• YOUR GOAL
Beneath this task are records; print exactly the stretch of them from the line with "X-girl | FLANNEL" through the line with "Feature image portrait of two students", both ends included.

= Beginning of Section =

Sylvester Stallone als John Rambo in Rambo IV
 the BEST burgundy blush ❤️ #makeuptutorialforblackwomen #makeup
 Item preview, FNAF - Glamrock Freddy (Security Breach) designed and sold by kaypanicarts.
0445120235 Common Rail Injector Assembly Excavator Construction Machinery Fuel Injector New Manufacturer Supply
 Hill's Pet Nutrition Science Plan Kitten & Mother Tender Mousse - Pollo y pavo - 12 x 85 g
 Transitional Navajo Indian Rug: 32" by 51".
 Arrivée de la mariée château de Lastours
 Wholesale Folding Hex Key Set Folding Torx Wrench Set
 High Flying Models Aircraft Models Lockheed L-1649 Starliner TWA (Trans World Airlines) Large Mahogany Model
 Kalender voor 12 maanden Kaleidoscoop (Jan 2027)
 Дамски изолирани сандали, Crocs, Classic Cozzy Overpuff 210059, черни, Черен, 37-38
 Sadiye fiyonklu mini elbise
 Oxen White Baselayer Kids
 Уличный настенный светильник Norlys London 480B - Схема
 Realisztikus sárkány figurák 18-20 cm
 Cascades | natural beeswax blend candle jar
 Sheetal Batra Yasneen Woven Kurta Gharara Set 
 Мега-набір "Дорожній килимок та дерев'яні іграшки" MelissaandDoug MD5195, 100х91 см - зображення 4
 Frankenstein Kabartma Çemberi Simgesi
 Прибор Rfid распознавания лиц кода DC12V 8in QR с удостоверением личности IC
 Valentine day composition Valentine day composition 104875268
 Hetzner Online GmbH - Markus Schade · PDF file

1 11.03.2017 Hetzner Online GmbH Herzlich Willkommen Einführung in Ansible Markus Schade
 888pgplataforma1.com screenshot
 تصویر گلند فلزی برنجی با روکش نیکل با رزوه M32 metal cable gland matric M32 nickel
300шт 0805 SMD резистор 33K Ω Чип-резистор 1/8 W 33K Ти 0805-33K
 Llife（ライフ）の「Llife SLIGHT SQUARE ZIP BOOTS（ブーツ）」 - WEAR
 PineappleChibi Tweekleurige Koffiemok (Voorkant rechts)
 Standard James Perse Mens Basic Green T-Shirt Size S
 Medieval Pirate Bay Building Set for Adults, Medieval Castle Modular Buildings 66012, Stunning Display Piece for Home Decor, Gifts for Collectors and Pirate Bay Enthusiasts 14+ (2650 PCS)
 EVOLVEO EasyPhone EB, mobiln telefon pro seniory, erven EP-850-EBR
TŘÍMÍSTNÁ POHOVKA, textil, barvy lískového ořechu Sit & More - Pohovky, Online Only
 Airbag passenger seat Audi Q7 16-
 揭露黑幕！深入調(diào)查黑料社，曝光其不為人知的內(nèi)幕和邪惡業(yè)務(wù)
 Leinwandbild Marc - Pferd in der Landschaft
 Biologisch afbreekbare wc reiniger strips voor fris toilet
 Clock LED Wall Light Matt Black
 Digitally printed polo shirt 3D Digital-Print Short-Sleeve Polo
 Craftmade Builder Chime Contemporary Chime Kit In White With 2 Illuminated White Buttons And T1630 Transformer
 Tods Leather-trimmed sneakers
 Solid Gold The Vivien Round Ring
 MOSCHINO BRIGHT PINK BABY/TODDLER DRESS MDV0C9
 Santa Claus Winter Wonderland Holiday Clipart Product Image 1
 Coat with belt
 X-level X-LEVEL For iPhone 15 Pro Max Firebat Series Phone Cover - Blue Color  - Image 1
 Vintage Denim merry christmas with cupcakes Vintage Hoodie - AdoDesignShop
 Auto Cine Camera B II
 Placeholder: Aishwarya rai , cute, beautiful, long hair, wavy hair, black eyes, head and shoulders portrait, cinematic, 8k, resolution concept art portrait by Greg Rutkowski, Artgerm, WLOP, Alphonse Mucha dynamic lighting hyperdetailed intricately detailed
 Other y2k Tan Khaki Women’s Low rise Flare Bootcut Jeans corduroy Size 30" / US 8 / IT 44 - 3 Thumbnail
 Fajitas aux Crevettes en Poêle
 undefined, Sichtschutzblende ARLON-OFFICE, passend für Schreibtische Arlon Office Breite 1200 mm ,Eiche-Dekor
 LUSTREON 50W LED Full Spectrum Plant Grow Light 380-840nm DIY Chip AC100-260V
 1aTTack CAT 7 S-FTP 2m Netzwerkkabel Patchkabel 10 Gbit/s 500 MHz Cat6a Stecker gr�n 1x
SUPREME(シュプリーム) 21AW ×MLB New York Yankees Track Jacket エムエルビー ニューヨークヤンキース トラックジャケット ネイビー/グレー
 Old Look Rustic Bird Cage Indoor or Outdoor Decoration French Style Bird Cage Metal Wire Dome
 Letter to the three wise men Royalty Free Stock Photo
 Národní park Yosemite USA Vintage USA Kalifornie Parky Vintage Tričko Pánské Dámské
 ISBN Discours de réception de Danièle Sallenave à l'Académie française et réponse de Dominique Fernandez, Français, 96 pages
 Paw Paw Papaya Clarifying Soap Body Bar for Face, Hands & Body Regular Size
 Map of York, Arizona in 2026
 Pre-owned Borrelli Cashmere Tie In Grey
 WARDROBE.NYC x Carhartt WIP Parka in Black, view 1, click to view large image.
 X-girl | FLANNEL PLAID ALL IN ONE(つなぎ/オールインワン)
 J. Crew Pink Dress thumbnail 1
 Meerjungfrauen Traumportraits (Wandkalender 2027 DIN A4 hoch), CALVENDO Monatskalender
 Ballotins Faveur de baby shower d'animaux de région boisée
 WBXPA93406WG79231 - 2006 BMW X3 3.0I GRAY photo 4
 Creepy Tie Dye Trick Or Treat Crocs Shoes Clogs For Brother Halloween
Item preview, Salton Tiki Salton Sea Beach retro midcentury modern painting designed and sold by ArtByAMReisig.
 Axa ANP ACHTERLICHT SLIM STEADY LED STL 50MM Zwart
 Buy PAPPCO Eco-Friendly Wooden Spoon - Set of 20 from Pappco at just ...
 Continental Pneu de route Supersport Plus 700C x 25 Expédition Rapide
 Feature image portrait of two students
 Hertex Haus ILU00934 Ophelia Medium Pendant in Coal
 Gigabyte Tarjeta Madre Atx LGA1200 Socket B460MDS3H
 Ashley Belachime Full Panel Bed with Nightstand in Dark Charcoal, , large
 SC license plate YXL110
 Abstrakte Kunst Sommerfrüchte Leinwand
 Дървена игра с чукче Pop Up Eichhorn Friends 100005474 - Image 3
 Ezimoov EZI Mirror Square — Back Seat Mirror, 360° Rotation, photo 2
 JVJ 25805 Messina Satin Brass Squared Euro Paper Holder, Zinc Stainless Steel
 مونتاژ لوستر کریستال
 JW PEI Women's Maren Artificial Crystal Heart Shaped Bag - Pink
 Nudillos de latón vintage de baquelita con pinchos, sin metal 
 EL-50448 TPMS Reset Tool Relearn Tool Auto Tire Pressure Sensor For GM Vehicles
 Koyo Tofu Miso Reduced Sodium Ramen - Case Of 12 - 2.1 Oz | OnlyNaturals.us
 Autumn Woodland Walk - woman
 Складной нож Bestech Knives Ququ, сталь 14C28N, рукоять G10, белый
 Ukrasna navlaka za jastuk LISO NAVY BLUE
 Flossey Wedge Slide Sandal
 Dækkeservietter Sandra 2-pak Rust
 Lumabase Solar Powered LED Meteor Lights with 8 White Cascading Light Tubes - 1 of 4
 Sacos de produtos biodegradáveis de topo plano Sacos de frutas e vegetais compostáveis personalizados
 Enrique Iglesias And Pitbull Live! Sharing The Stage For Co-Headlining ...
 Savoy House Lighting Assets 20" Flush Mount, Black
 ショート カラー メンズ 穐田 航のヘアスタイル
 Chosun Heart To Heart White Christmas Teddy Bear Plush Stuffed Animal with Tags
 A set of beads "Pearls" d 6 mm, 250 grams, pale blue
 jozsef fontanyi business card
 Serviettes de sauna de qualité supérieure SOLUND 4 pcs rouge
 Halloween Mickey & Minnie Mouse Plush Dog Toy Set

= End of Section =

• REPLY
 X-girl | FLANNEL PLAID ALL IN ONE(つなぎ/オールインワン)
 J. Crew Pink Dress thumbnail 1
 Meerjungfrauen Traumportraits (Wandkalender 2027 DIN A4 hoch), CALVENDO Monatskalender
 Ballotins Faveur de baby shower d'animaux de région boisée
 WBXPA93406WG79231 - 2006 BMW X3 3.0I GRAY photo 4
 Creepy Tie Dye Trick Or Treat Crocs Shoes Clogs For Brother Halloween
Item preview, Salton Tiki Salton Sea Beach retro midcentury modern painting designed and sold by ArtByAMReisig.
 Axa ANP ACHTERLICHT SLIM STEADY LED STL 50MM Zwart
 Buy PAPPCO Eco-Friendly Wooden Spoon - Set of 20 from Pappco at just ...
 Continental Pneu de route Supersport Plus 700C x 25 Expédition Rapide
 Feature image portrait of two students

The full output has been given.